■ **TASK DIRECTIONS**
With the pictures omitted, output word for word the lines from the one containing "Hi, Andrew Caressius" through the end of the records.

****************************************

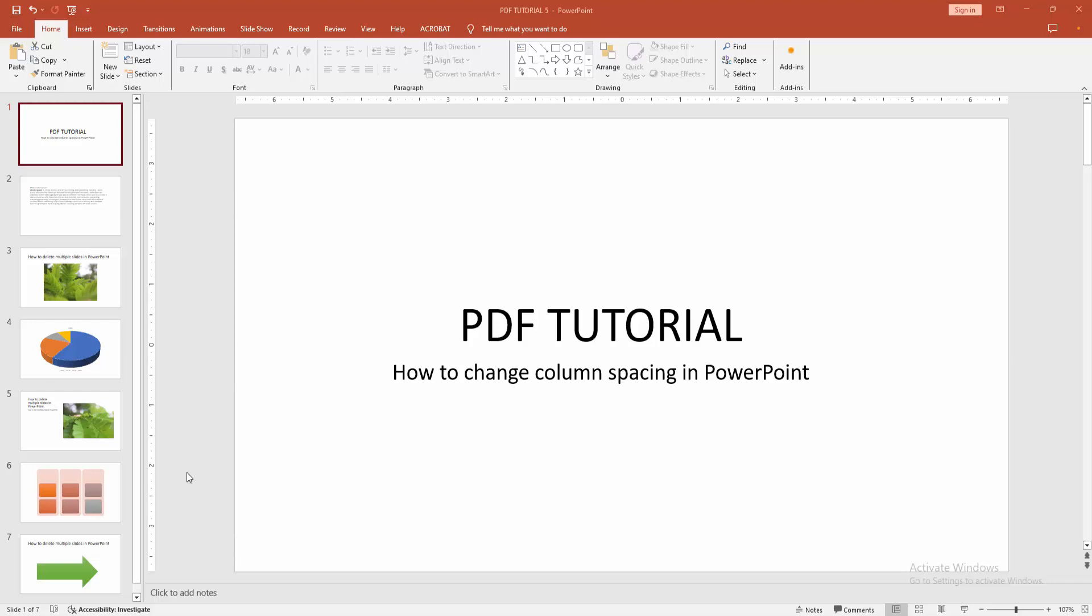In this video, I'm going to show you how to change column spacing in PowerPoint. Let's get started.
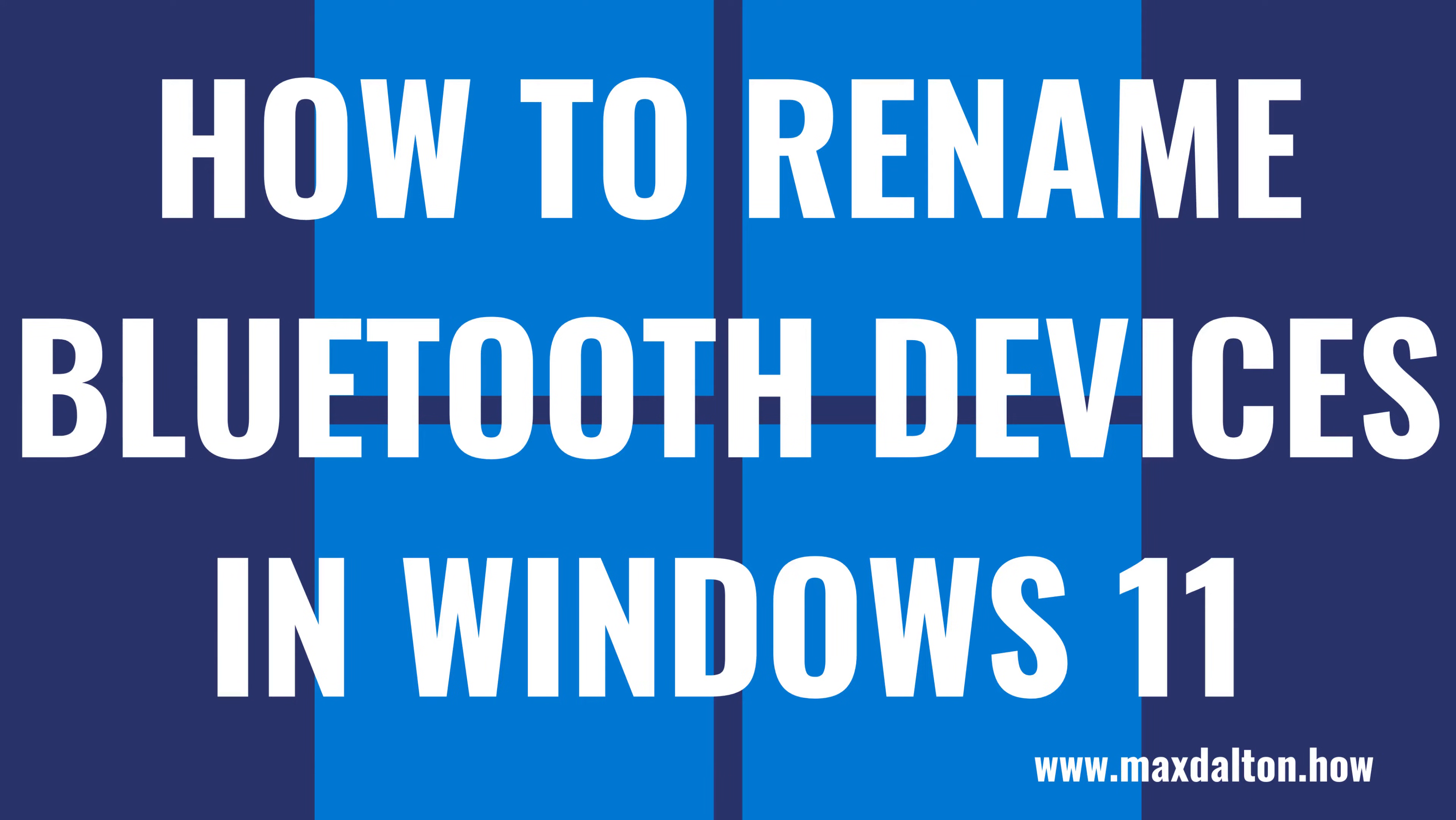You should note that this will only rename Bluetooth devices on your Windows 11 computer, and not on other devices. Now let's walk through the steps to change the Bluetooth device name in Windows 11.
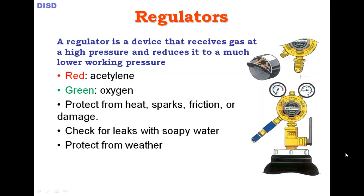When checking the regulator, first check the nature of the cylinder and the gases. To check for leaks, apply soapy water to the connections after attaching the regulator. If a bubble forms, there is a leakage. If there are no bubbles, your regulator is good and working fine.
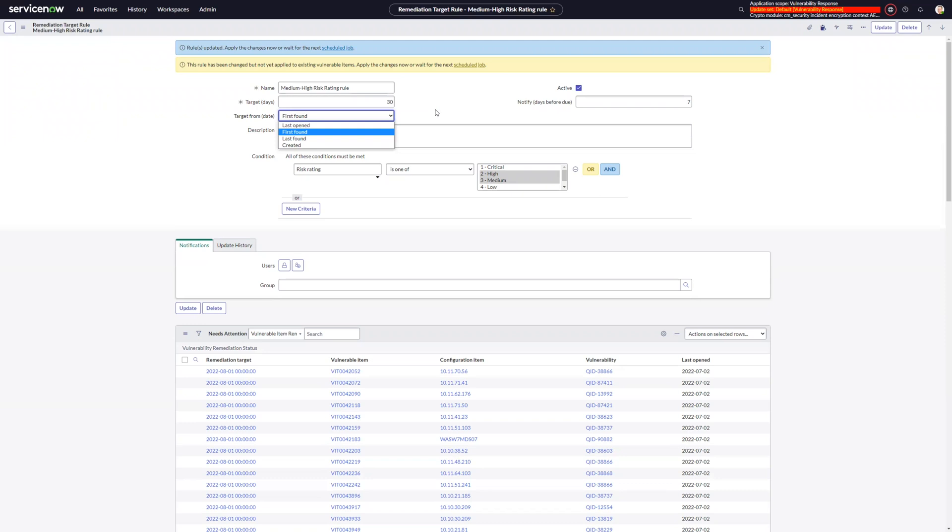Absolutely. I've definitely seen both of those use cases as well as potentially for the last opened date. I think we could run into that scenario if we have vulnerable items on devices that maybe have been shut off for a period of time. Maybe somebody goes out on leave for an extended period of time and the vulnerable item gets automatically closed by a stale detection rule or something like that. Then maybe they come back from leave and that device gets turned back on.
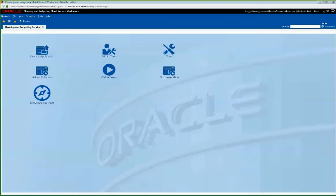Hi everyone. My name is JJ Gutierrez. I'm a consultant here at Key Performance Ideas. We are the leading implementer for EPM and cloud services. Today I will be doing a simple walkthrough of the simplified and mobile-ready interface in Planning and Budgeting Cloud Service.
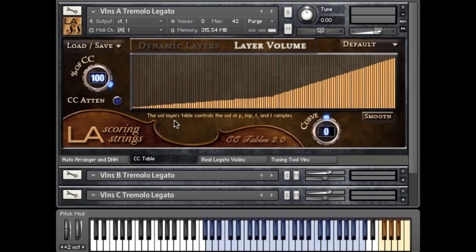Hi, Andrew Caressius here with Audio Bro. I'd like to share with you a video demonstration to help you have a better understanding of our CC table script.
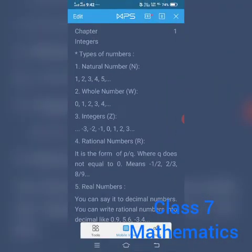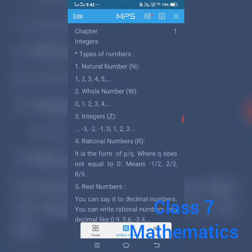Starting with the first type of number. First is natural number. Its symbol is N, and these are just positive numbers like 1, 2, 3, 4, 5 — and so on. So the first type of number is natural number, and its symbol is N.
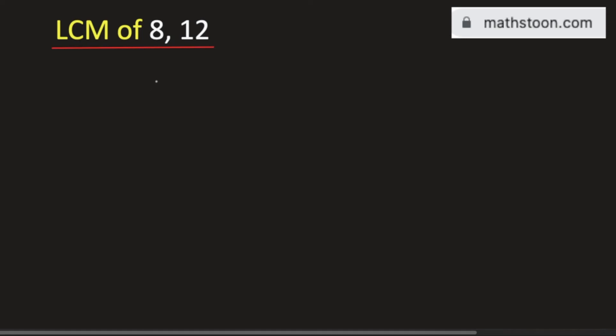In this video, we will find the LCM of 8 and 12. We will use division method.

****************************************

■ **REPLY TO THE EXERCISE**
Hi, Andrew Caressius here with Audio Bro. I'd like to share with you a video demonstration to help you have a better understanding of our CC table script.
Starting with the first type of number. First is natural number. Its symbol is N, and these are just positive numbers like 1, 2, 3, 4, 5 — and so on. So the first type of number is natural number, and its symbol is N.
In this video, we will find the LCM of 8 and 12. We will use division method.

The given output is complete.